# Help fitting a GP model that performs poorly

Hi, I’m trying to fit a Gaussian Process to model the number of hurricanes in the Atlantic basin. Data is uploaded as csv.

Since we are counting data I use a Negative Binomial (another option would be a Poisson but I chose a Negative Binomial because mean and variance can be different).

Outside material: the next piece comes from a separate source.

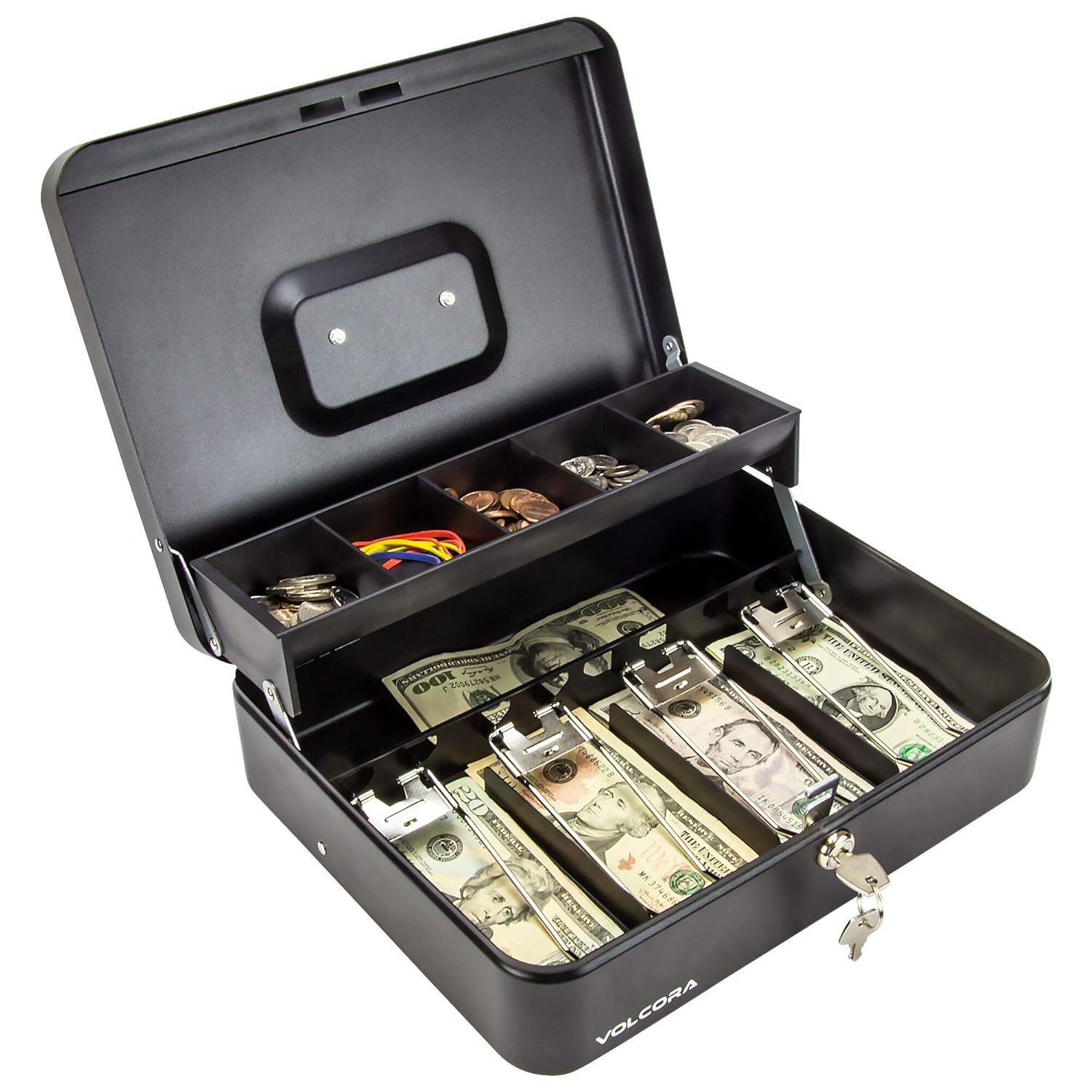 Black Steel Cash Box with Safe Key Lock Tiered Money Coin Tray and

My try:

``````with pm.Model() as p_model:

l = pm.Exponential("l", 1)
sigma = pm.Exponential("sigma", 1)

cov = sigma**2 * pm.gp.cov.ExpQuad(1, ls=l) + pm.gp.cov.WhiteNoise(1E-5)

gp = pm.gp.Latent(cov_func=cov)
f = gp.prior("f", X)

μ = pm.Deterministic("μ", pm.math.exp(f))

alp = pm.Gamma("alp", alpha=2, beta=0.5)

observations = pm.NegativeBinomial("observations", alpha=alp, mu=μ,
observed=y)

trace = pm.sample(1500, tune=500, chains=2, target_accept=0.9)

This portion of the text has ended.